The cap grows up to 18 cm wide. The gills are very close. The stem is up to 14 cm long with partial veil remnants present. The taste is mild. The spore print is white.

===Similar species===
The Western matsutake can be distinguished from its Asian counterparts by its whiter color, and from its North American counterparts by range, which does not overlap. T. magnivelare and T. mesoamericanum tend to be darker in cap coloration, though all three can stain reddish brown with handling when mature. T. murrillianum also has a smoother pileus than the eastern T. magnivelare.

It can also be confused with the poisonous Amanita smithiana.

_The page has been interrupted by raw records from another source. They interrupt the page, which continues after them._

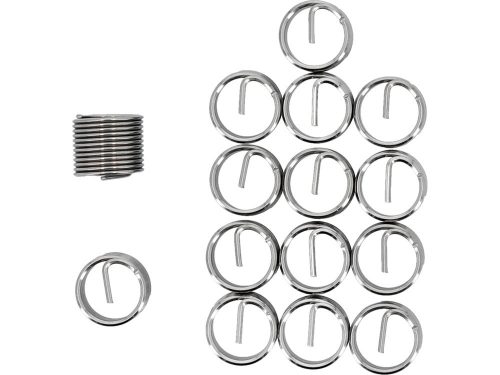 YATO YT-176821 Menetjavító betét M10 x 1 mm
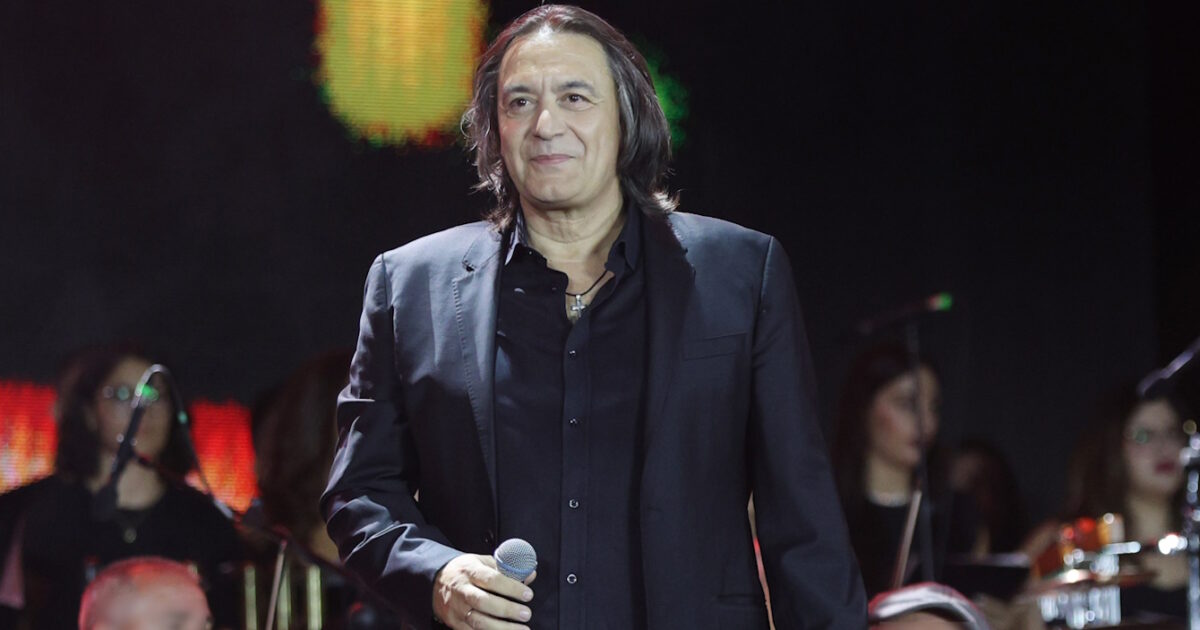 giannis kotsiras ndp 1200x630.jpg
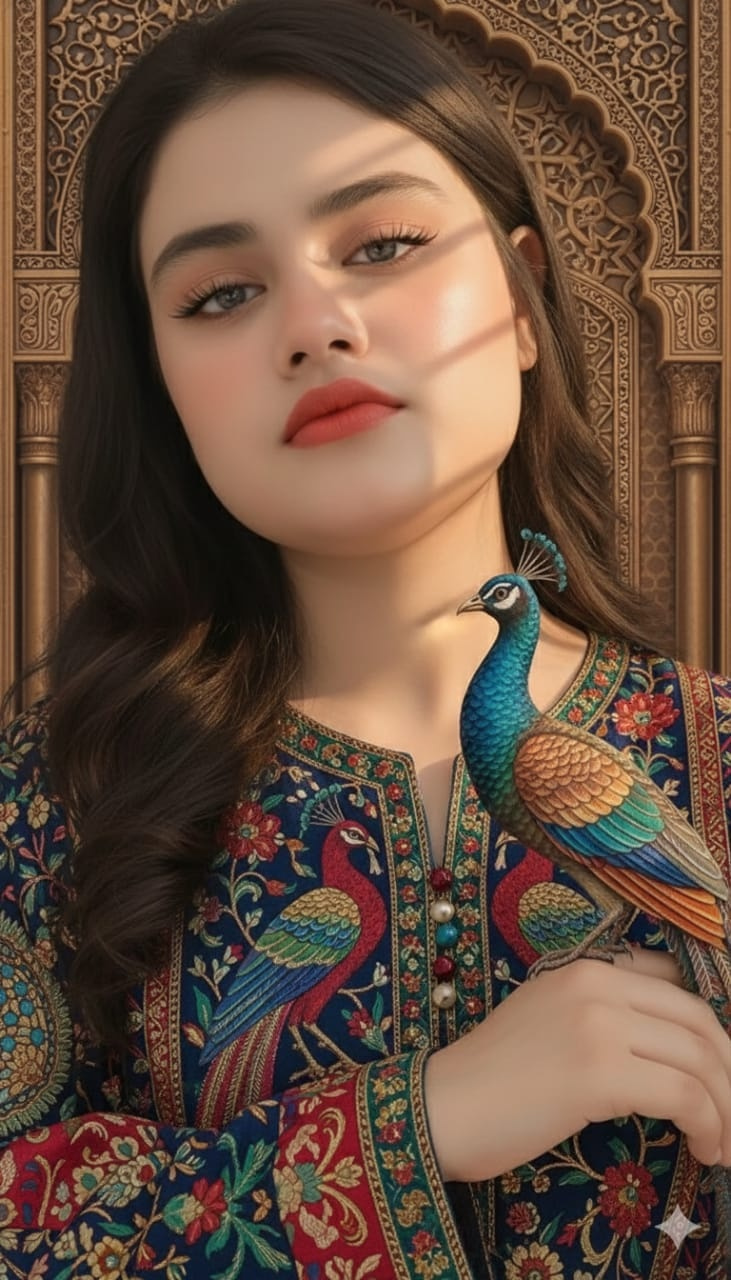 Elite escorts services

==Distribution and habitat==
T. murrillianum is found in western North America from October to January, especially on the West Coast in sandy soil, along with pines, Douglas-fir, tanoak, madrone, and manzanita.

==Cultivation==
As Japanese production of T. matsutake has declined with the growing presence of the pine-killing nematode, Bursaphelenchus xylophilus, there is an increasingly global matsutake harvesting market of related species. Exports from western North America bloomed over the last four decades, driving prices to a peak in the 1990s when Western matsutakes reached up to $600 per pound. Prices have since declined dramatically, but the annual matsutake harvest still drives economies in many rural Pacific Northwest areas.

Button matsutakes are especially prized, and illegal raking of wild matsutake patches can cause serious ecological damage. Matsutake harvests in the Pacific Northwest have been on the decline in recent years, possibly as a result of deep raking and over-harvesting.

==Uses==
Matsutakes including T. murrillianum are choice edible mushrooms with high desirability, especially in Asian cuisine. They are prized for their distinctive spicy odor and flavor and firm, meaty texture. Serious poisonings have occurred due to confusion with poisonous look-alikes, most notably Amanita smithiana.